Return each entry word for word, without its pictures.

Source information Start Marker

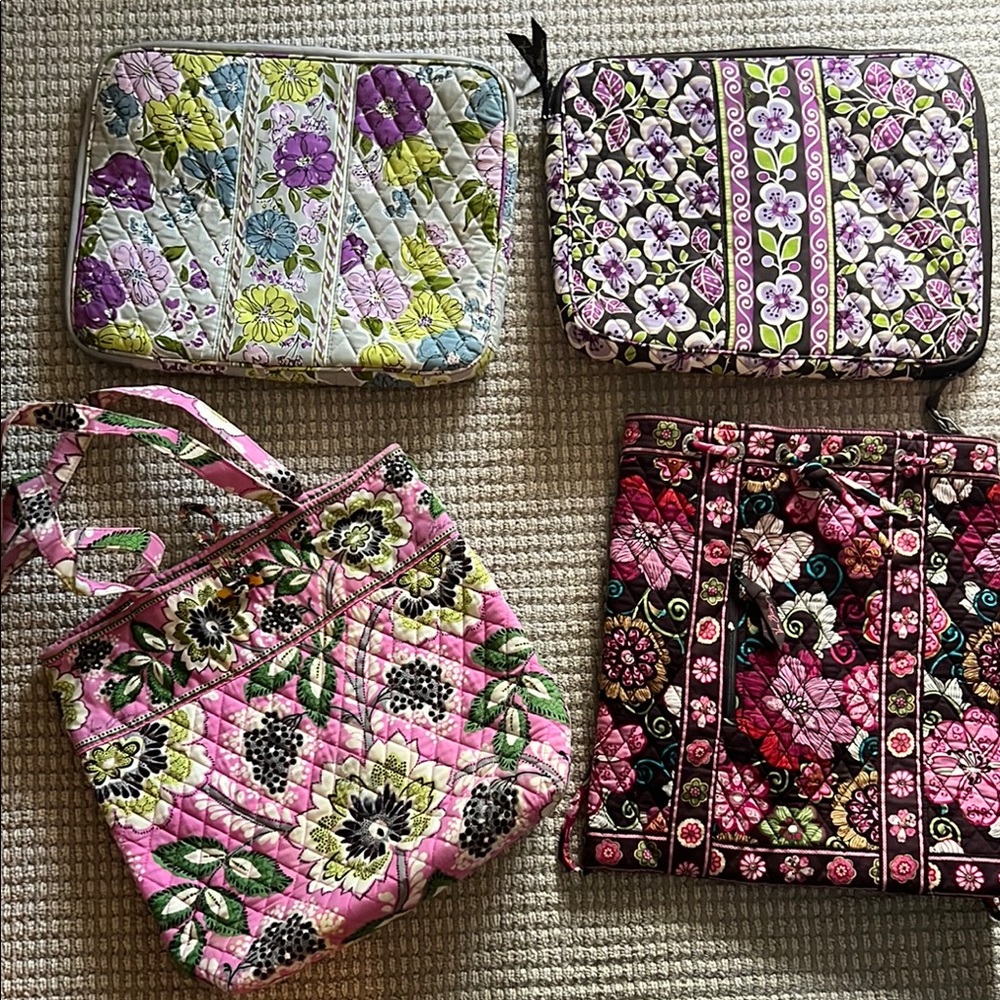 Vera Bradley Collection Includes 2 Laptop cases, 1 tower and 1 backpack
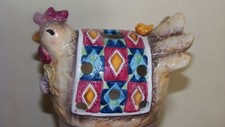 Galinha Galinha Ganz Bella Casa Estatueta SOS Suporte Almofada Alho Fazenda Campo 5" comprar usado  Enviando para Brazil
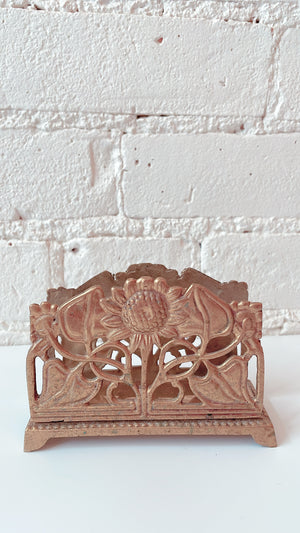 Vintage Brass Napkin Holder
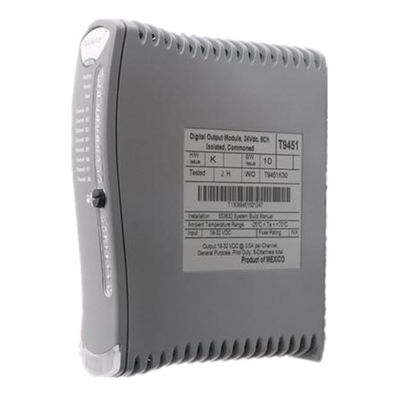 T9451 ICS ट्रिपलएक्स पीएलसी विश्वसनीय TMR 24 48V DC 8 चैनल डिजिटल आउटपुट मॉड्यूल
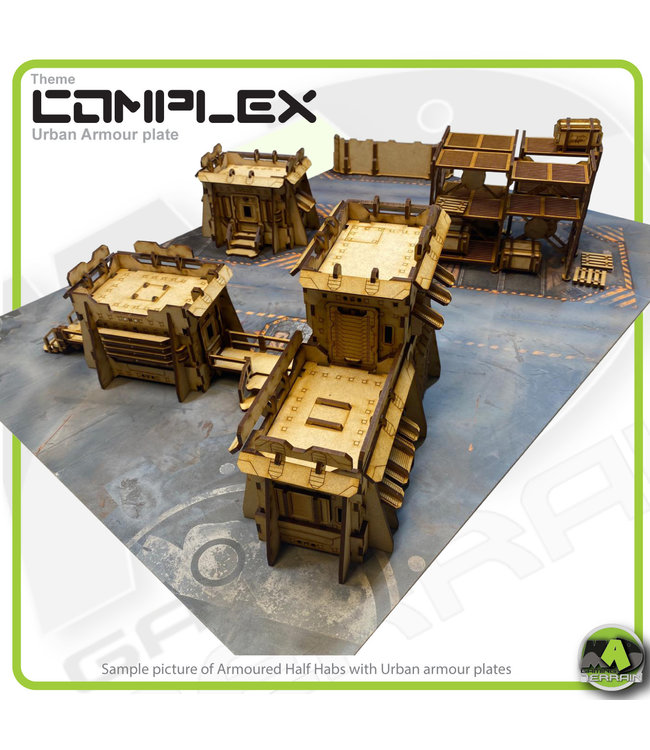 MAD Gaming Terrain Urban Armour Plates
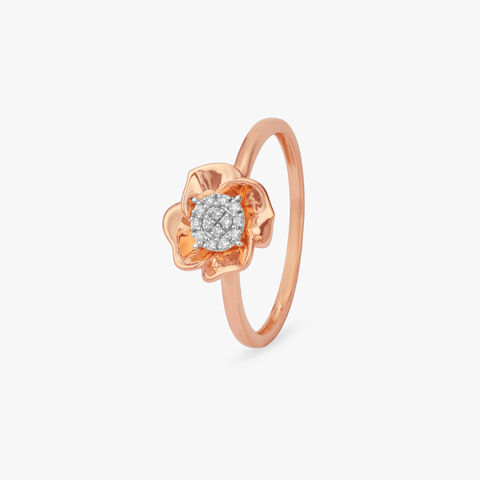 Petal Embrace Diamond Ring
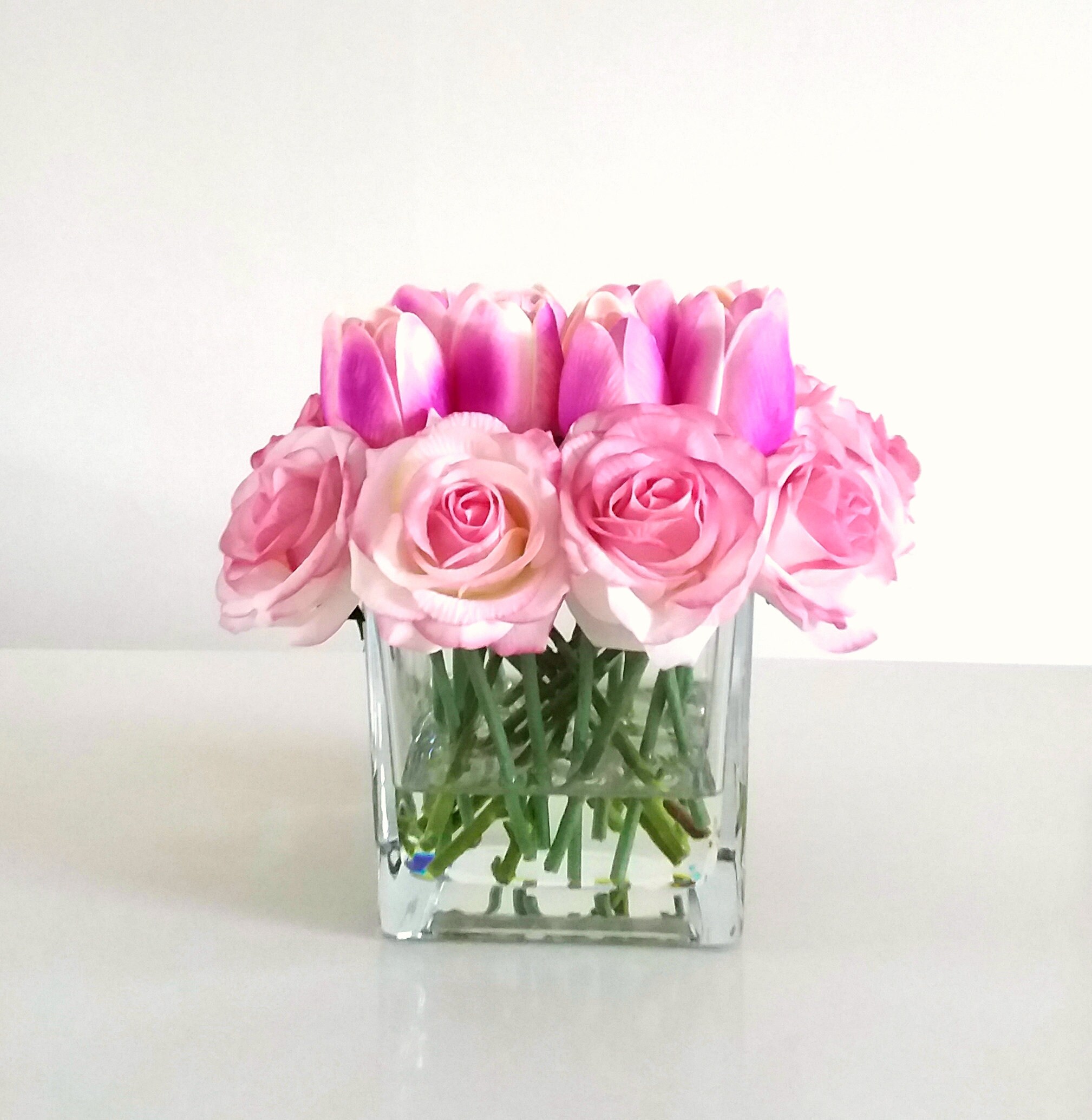 Large Real Touch Floral Arrangement Artificial Flowers Etsy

Source information End Marker

-- Exercise solution --
 Vera Bradley Collection Includes 2 Laptop cases, 1 tower and 1 backpack
 Galinha Galinha Ganz Bella Casa Estatueta SOS Suporte Almofada Alho Fazenda Campo 5" comprar usado  Enviando para Brazil
 Vintage Brass Napkin Holder
 T9451 ICS ट्रिपलएक्स पीएलसी विश्वसनीय TMR 24 48V DC 8 चैनल डिजिटल आउटपुट मॉड्यूल
 MAD Gaming Terrain Urban Armour Plates
 Petal Embrace Diamond Ring
 Large Real Touch Floral Arrangement Artificial Flowers Etsy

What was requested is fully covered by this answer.